Only when the expression is fully understood, is it introduced into an equation, with the equals sign and the product. And rather than the equation being introduced as a calculation, it is a further description of the image. With the questions ‘What does the 3 represent?’ ‘What does the 2 represent?’ ‘What does the 6 represent?’ children are encouraged to identify exactly how the equation relates to the image.

All this concept-building comes before any times table learning. When the times table learning begins, later in the unit, with the 2 times table (then 5 and 10), it is built upon strong conceptual understanding with familiar images. So children understand what the times table equations are describing, as well as learning the facts fluently.

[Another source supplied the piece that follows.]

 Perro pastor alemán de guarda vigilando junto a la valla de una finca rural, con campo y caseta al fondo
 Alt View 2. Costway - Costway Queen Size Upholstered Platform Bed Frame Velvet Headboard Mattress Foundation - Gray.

A further strengthening of multiplicative concepts comes when children move away from additive thinking completely and understand multiplication as ‘scaling’, where thinking additively will not support them to see the maths. This is addressed in Key Stage 2. The video below shows the animations of a slide designed to demonstrate multiplication as scaling:

This article covers only the introduction of multiplicative thinking – which is further developed throughout primary school, and beyond.

Explore the NCETM Curriculum Prioritisation Resource

See how multiplication and the rest of the curriculum is developed through Years 1-6.

Reference:
Ma, L. and Kessel, C., 2018. The theory of school arithmetic: Whole numbers. In Building the foundation: Whole numbers in the primary grades (pp. 439-463). Springer, Cham.